(Scraped caption text data)
-------
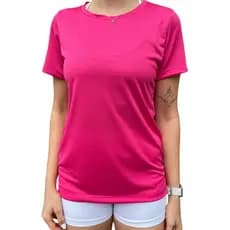 Blusa Academia Feminina, Baby Look Dry Fit
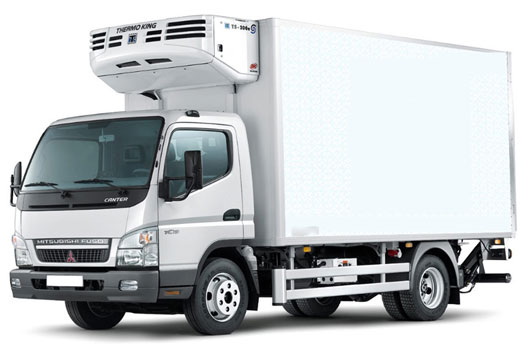 chiller truck rental in Dubai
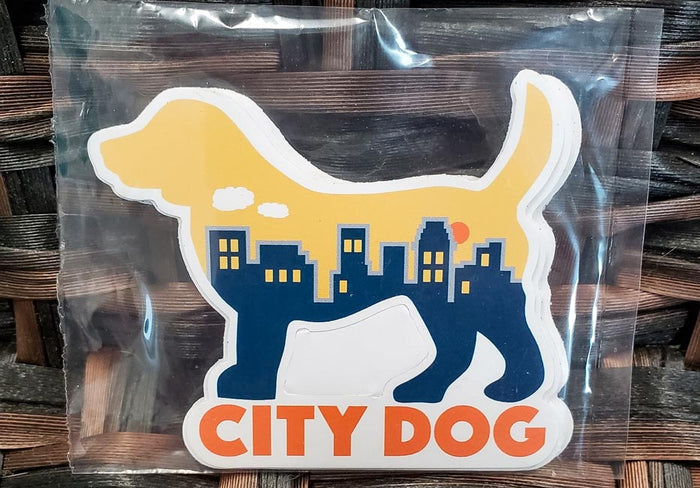 Dog Speak: City Dog Decal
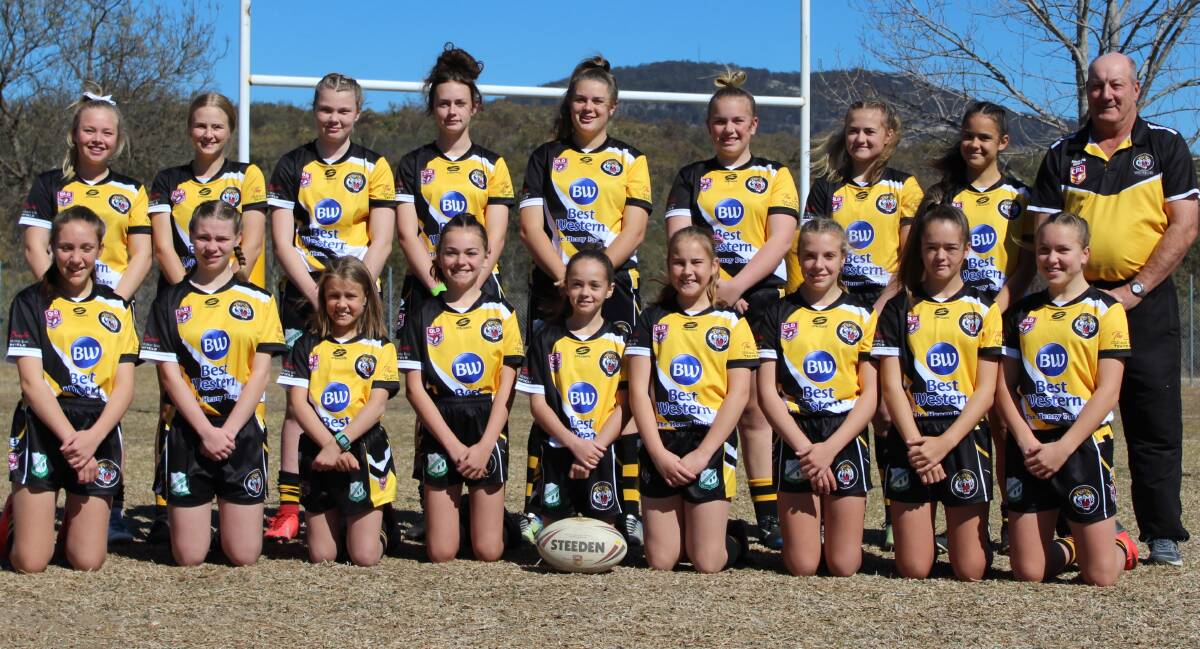 AIMING FOR GLORY: The Tenterfield Tigers under-15 league tag team will play in the grand final this Saturday. Photo: Supplied. 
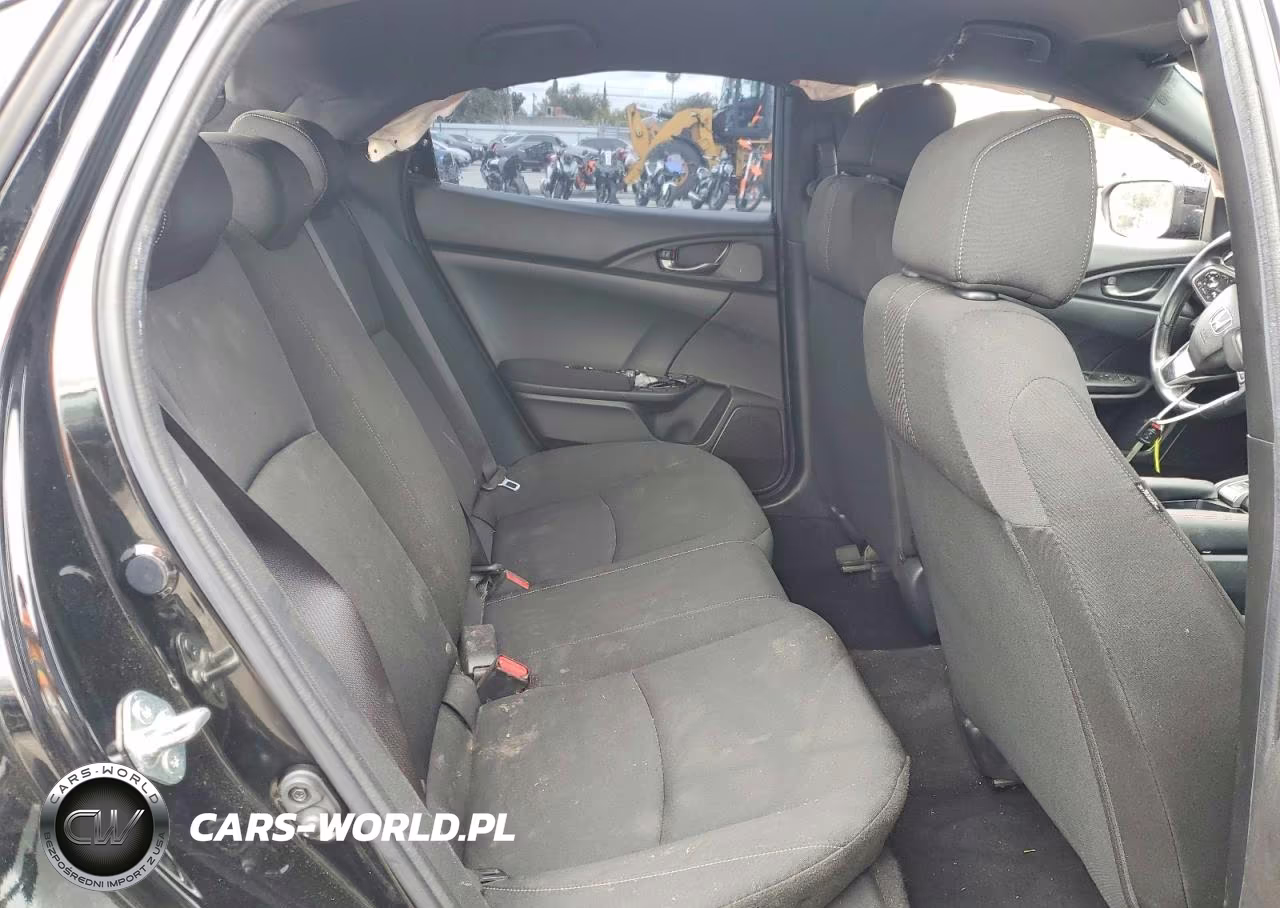 2019 Honda Civic Sport VIN:SHHFK7G40KU208730 - 10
-------
> _What to do_
Without altering a word, return all of the records above and leave out their pictures.

> _Your response_
 Blusa Academia Feminina, Baby Look Dry Fit
 chiller truck rental in Dubai
 Dog Speak: City Dog Decal
 AIMING FOR GLORY: The Tenterfield Tigers under-15 league tag team will play in the grand final this Saturday. Photo: Supplied. 
 2019 Honda Civic Sport VIN:SHHFK7G40KU208730 - 10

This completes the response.